Task to carry out:
Under this line is some data; print exactly the lines from the one containing "What is the" through its last line, without pictures.

(Short web captions)
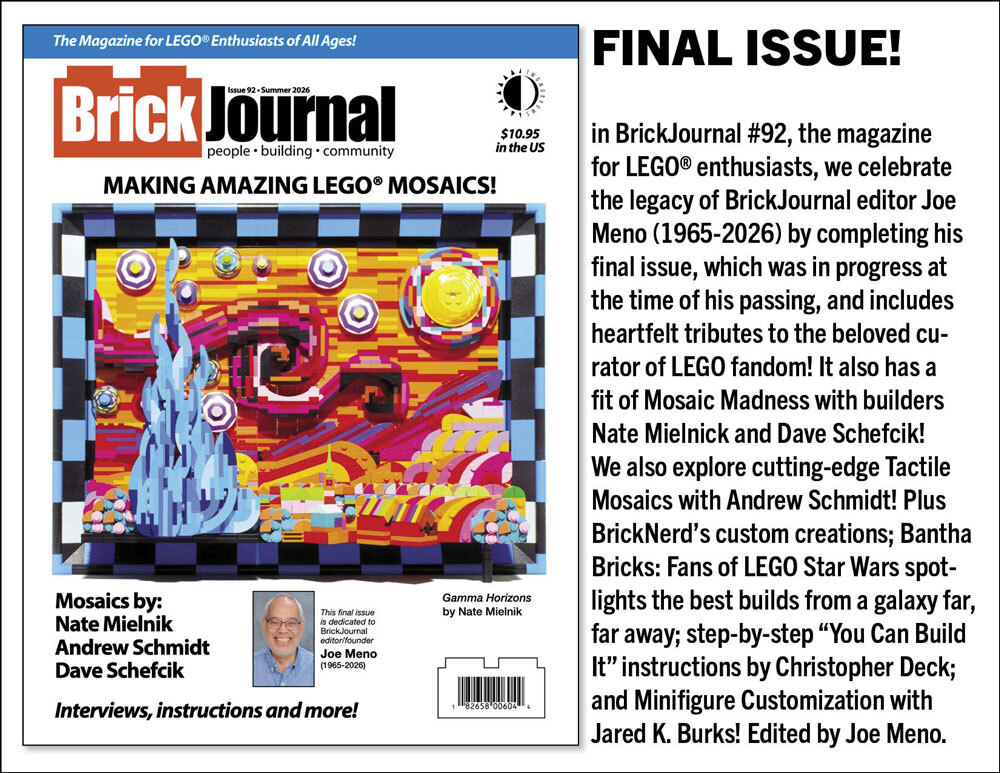 BrickJournal Magazine: Issue #92 - FINAL ISSUE BrickJournal Magazine: Issue #92 - FINAL ISSUE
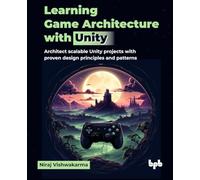 Niraj Vishwakarma – Architettura giochi Unity – Principi e pattern per progetti scalabili – Inglese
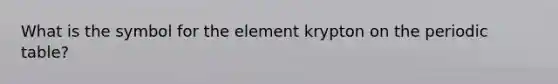 What is the symbol for the element krypton on the periodic table?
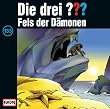 Die drei Fragezeichen - Folge 133: Fels der D�monen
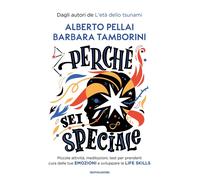 Libri Alberto Pellai / Barbara Tamborini - Perche Sei Speciale. Piccole Attivita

Response area:
 What is the symbol for the element krypton on the periodic table?
 Die drei Fragezeichen - Folge 133: Fels der D�monen
 Libri Alberto Pellai / Barbara Tamborini - Perche Sei Speciale. Piccole Attivita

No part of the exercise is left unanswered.